> **TASK PROMPT**:
When the line with "Black snake-print ankle" comes up, set it down and every later line to the end of the data, exactly and without pictures.

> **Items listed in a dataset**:
++++++
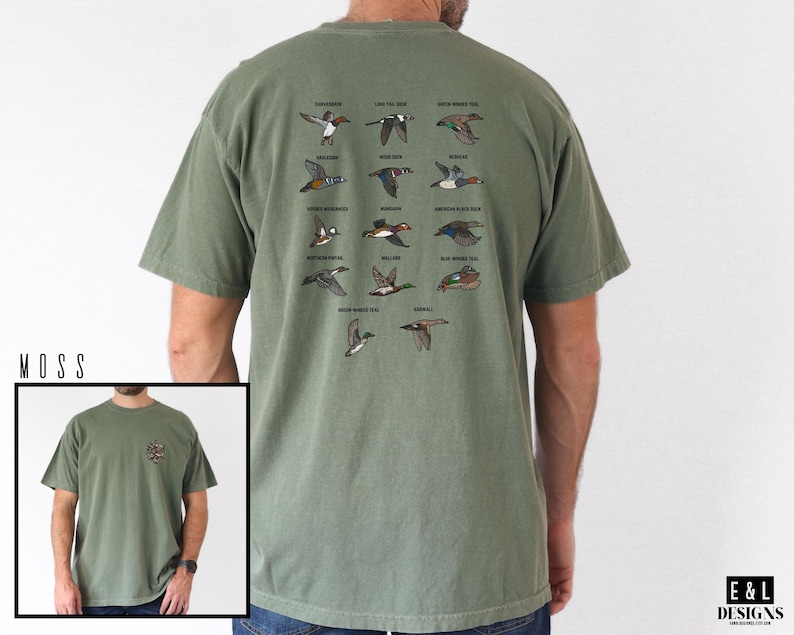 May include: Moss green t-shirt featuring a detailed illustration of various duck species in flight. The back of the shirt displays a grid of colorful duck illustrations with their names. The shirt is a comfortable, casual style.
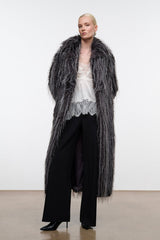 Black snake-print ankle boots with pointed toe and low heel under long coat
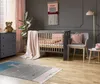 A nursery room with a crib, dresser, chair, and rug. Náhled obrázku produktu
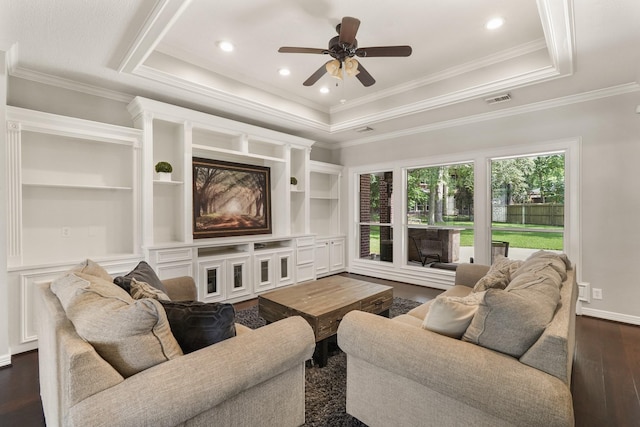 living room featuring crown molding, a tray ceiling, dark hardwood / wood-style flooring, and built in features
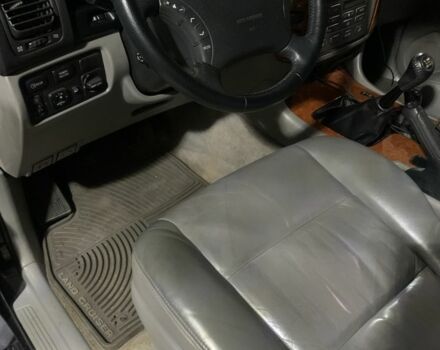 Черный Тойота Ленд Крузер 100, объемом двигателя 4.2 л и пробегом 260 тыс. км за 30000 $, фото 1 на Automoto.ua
++++++
> **FINAL ANSWER**:
 Black snake-print ankle boots with pointed toe and low heel under long coat
 A nursery room with a crib, dresser, chair, and rug. Náhled obrázku produktu
 living room featuring crown molding, a tray ceiling, dark hardwood / wood-style flooring, and built in features
 Черный Тойота Ленд Крузер 100, объемом двигателя 4.2 л и пробегом 260 тыс. км за 30000 $, фото 1 на Automoto.ua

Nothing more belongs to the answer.